Da parte sua Quagliariello, uno dei “saggi” designati da Napolitano ci mette il carico da novanta, dicendo davanti ai microfoni “Non possiamo governare facendo quello che dicono le piazze, la politica è politica”. Chi legge tragga  le conseguenze.
Nichi Vendola, leader di Sel che aveva tenuto fede agli accordi presi, ha annunciato l’apertura di un nuovo cantiere per la rifondazione di una sinistra da iscrivere al partito socialista europeo.

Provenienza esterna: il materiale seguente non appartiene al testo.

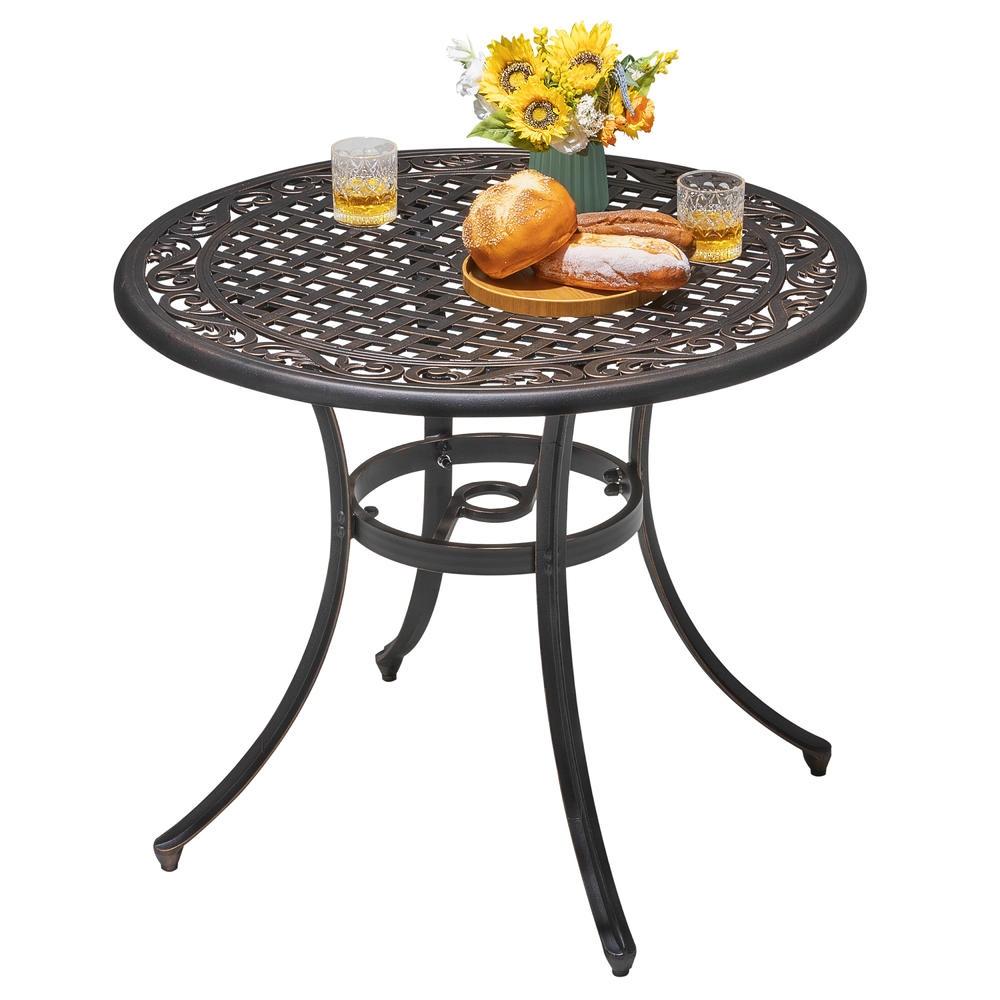 NUU GARDEN 36 Inch Cast Aluminum Patio Table with Umbrella Hole, Indoor Outdoor Round Patio Bistro Table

A nemmeno un giorno dalla riconferma di Napolitano, intanto, già si rincorrono le voci su una possibile composizione del futuro governo, con papabili Enrico Letta e Giuliano Amato, nonchè Monti al ministero degli Esteri. Il vecchio che avanza e non arretra, a meno che non si voglia considerare una novità il già pensionato Amato, già primo ministro qualche lustro addietro e sempre presente sulla scena politica.
Intanto domani Giorgio Napolitano renderà note le motivazioni che l’hanno spinto a tornare sui suoi passi e chissà che non faccia delle rivelazioni “scioccanti”.